Exercise details → Print the full set of records below, character for character and picture-free.

Given records →

════════════════════

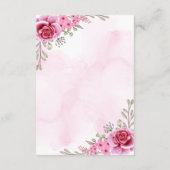 ピンク金ゴールドミニマル結婚リスト エンクロージャーカード (裏面)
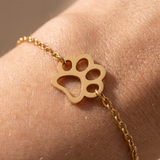 Women’s Stainless Steel Paw Bracelet - Eleanor
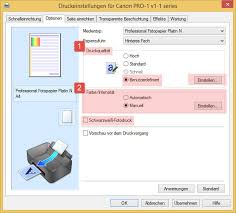 When printing large data such as a photo or graphics, it may take longer to start printing. Canon Drucker Anleitung Deaktivieren Des Farbmanagements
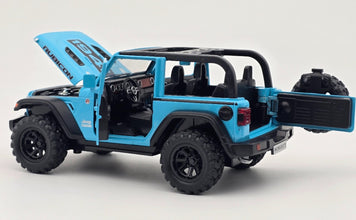 Jeep Wrangler Rubicon 1:24  diecast scale model car | Assorted Colors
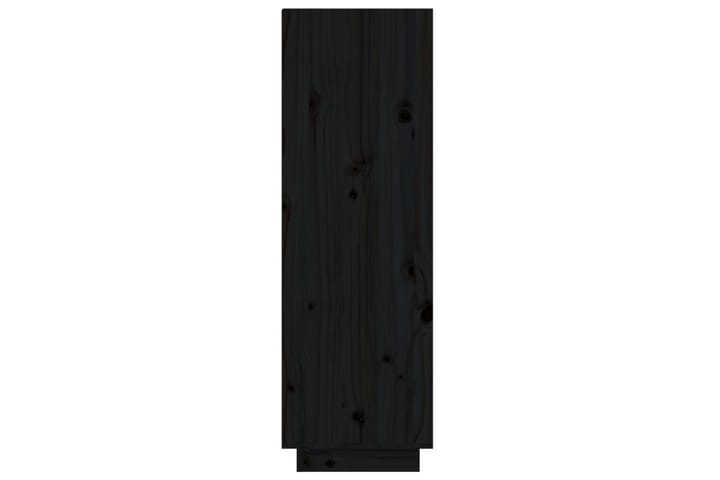 beBasic Kenkäkaappi musta 60x34x105 cm täysi mänty - Musta - Säilytyskaappi - Kenkäsäilytys - Eteisen säilytys - Kenkäkaappi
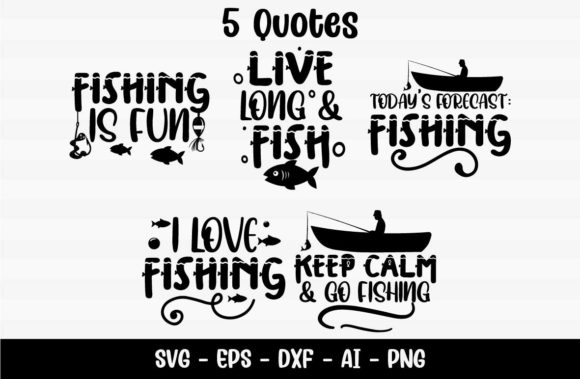 Fun Fishing Quotes: A Graphic Design Asset for Local Business Branding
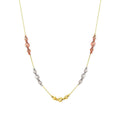 Drei-Ton-Doric-Halskette aus Gold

════════════════════

Response →
 ピンク金ゴールドミニマル結婚リスト エンクロージャーカード (裏面)
 Women’s Stainless Steel Paw Bracelet - Eleanor
 When printing large data such as a photo or graphics, it may take longer to start printing. Canon Drucker Anleitung Deaktivieren Des Farbmanagements
 Jeep Wrangler Rubicon 1:24  diecast scale model car | Assorted Colors
 beBasic Kenkäkaappi musta 60x34x105 cm täysi mänty - Musta - Säilytyskaappi - Kenkäsäilytys - Eteisen säilytys - Kenkäkaappi
 Fun Fishing Quotes: A Graphic Design Asset for Local Business Branding
 Drei-Ton-Doric-Halskette aus Gold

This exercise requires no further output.